# Recommendations Using Embarrassingly Shallow Autoencoders for Sparse Data (EASE)

**Objective:**
To recommend tracks to a playlist based on similair playlist/s.

**Dataset Description**: 

The Million Playlist Dataset contains 1,000,000 playlists created by users on the Spotify platform. Each playlist in the MPD contains a playlist title, the track list (including track metadata) editing information (last edit time,  number of playlist edits) and other miscellaneous information about the playlist. 

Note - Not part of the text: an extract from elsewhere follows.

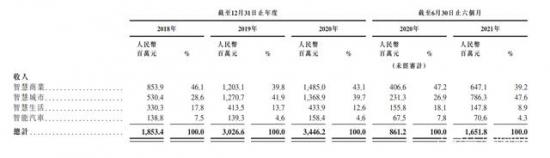 冲刺上市，商汤科技能否撑起近千亿市值？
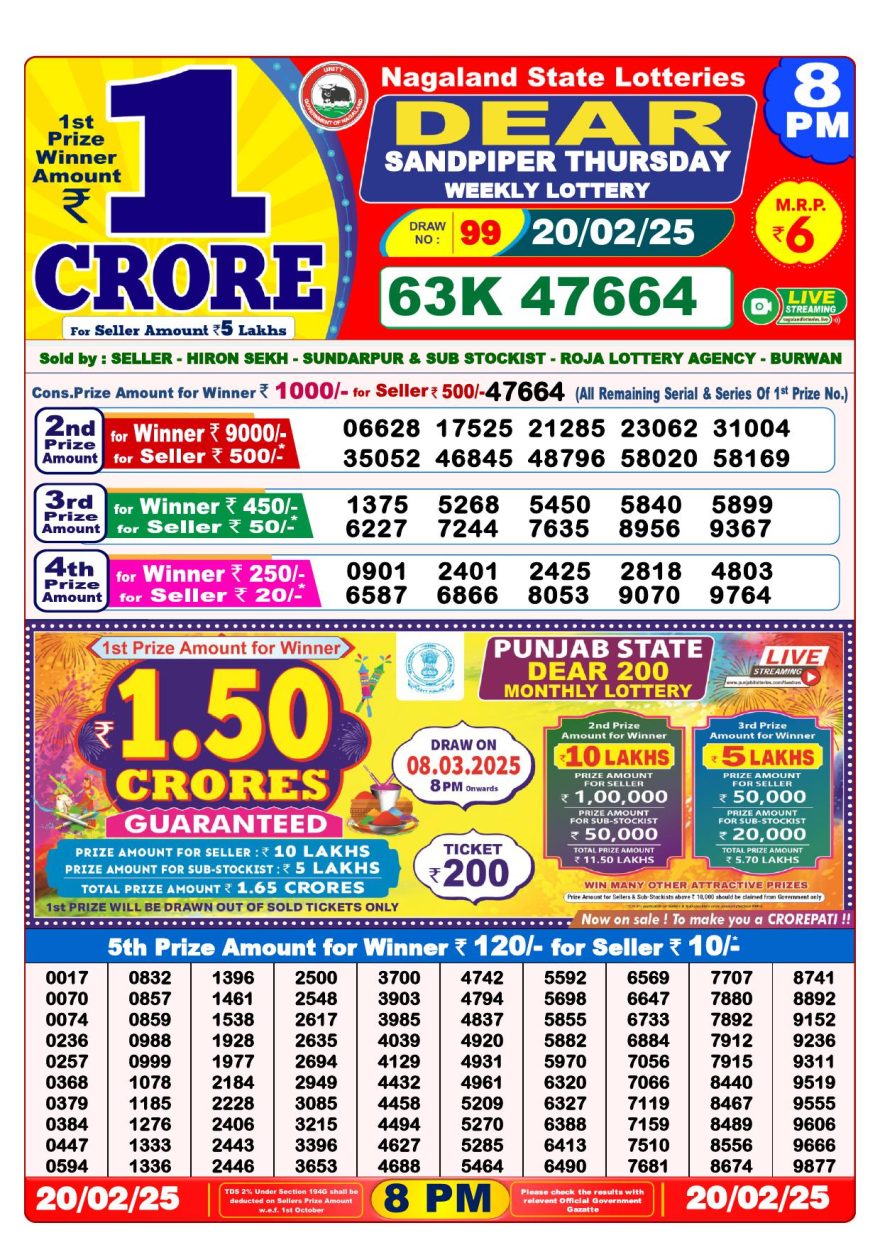 Lottery Result Today February 20, 2025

See the ***references*** section for more details.



In [1]:
# Importing the libraries
import json
import csv
import pandas as pd
import numpy as np
import os
import sys
import logging
import torch
import pandas as pd


The Million Playlist Dataset consists of 1,000 slice files. For example, the first 1,000 playlists in the MPD are in a file called 
`mpd.slice.0-999.json`. Each slice file is a JSON dictionary with two fields: *info* and *playlists*.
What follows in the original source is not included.